Шрифт:
Интервал:
Закладка:
Когда те, кто выжил, вернулись к месту, откуда начиналась их самоубийственная авантюра, они увидели Ли и Лонгстрита, формировавших линию обороны на случай предполагаемой контратаки Мида. «Это полностью моя вина, — промолвил Ли, оказавшись среди солдат. — Именно я проиграл эту битву, но вы должны приложить все силы и помочь мне выйти из этого трудного положения. Все добрые солдаты должны сплотиться»[1176]. Они и сплотились, по крайней мере часть из них, но Мид не начал контрнаступления. За это его критиковали еще долгие годы. Хэнкок, несмотря на ранение, полученное при атаке Пикетта, предлагал Миду преследовать разбитые бригады Ли силами не участвовавших в битве 5-го и 6-го корпусов. Но на плечах Мида лежала большая ответственность. Он был командующим армии всего шесть дней, три из которых эта армия сражалась за спасение государства (как он представлял свою миссию) и едва преуспела в этом. Мид не мог знать масштабов потерь в стане южан, а также того, что их артиллерия расстреляла почти все свои снаряды. Однако он знал, что Стюарт находится где-то в его тылу — ему еще не сообщили, что кавалерийская дивизия северян остановила Стюарта в трех милях к востоку от Геттисберга, расстроив тем самым и третью часть плана Ли по уничтожению армии Мида. Тем временем два союзных кавалерийских полка на левом фланге к югу от холмов Раунд-Топ напали на пехоту мятежников, опережая ожидаемый приказ о контрнаступлении, однако получили жестокий отпор от готового к такому повороту событий врага. Ближе к вечеру несколько частей 5-го и 6-го корпусов продвинулись дальше «Логова дьявола» и пшеничного поля. Там они отбросили арьергард дивизий Лонгстрита, который отошел на новый оборонительный рубеж. Мид подумывал о наступлении в этом районе на следующий день, 4 июля, но начавшийся вскоре после полудня ливень не позволил этому плану осуществиться.
Другой причиной недостаточной агрессивности Мида стало его уважение к противнику. Он с трудом мог поверить, что разбил триумфаторов Ченселлорсвилла. Также генерал впоследствии объяснял, что не хотел следовать «плохому примеру [Ли] и вести на смерть собственную армию, атакуя хорошо укрепленные позиции». «Мы сделали достаточно», — сказал он некоему кавалерийскому офицеру, недовольному результатами.
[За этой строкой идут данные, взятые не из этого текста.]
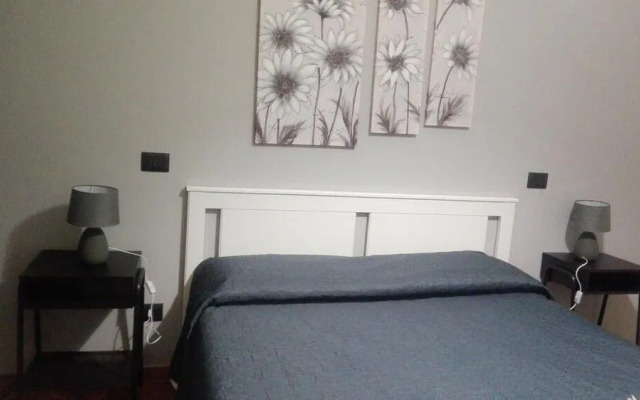 BB Alexander-Room and Breakfast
В поздравительной телеграмме бывший командир корпуса выразил всеобщее удивление тем фактом, что долгое время терпевшая неудачи Потомакская армия одержала очень важную победу: «Блестящий успех Потомакской армии вдохнул жизнь во всех нас. Я не мог поверить, что такого врага можно разбить»[1177].
Север действительно вдохнул полной грудью. «ПОБЕДА! НОВОЕ ВАТЕРЛОО!» — кричал заголовок в Philadelphia Inquirer. Волна ликования захлестнула Вашингтон на следующий день после отражения атаки Пикетта, превратив празднование Дня независимости в самое памятное в истории. «Мне еще никогда не приходилось видеть такие торжества в Вашингтоне», — писал очевидец событий. Когда три дня спустя пришли известия о падении Виксберга, ликование удвоилось. Линкольн вышел на балкон Белого дома и сообщил толпе, выкрикивавшей здравицы в его честь, что «чудовищному мятежу», поставившему цель «низвергнуть принцип равенства всех людей», нанесен сокрушительный удар[1178]. Джон Темплтон Стронг из Нью-Йорка с радостью отмечал в своем дневнике: «Результаты этой победы поистине бесценны… Чары непобедимого Роберта Ли развеяны. Потомакская армия наконец обрела генерала, который смог руководить ею, и храбро выдержала все атаки, несмотря на длинный и печальный перечень прошлых неудач… „Медянок“ будто парализовало, по крайней мере на какое-то время… Престиж нашего правительства как в стране, так и в мире вырос в несколько раз»[1179].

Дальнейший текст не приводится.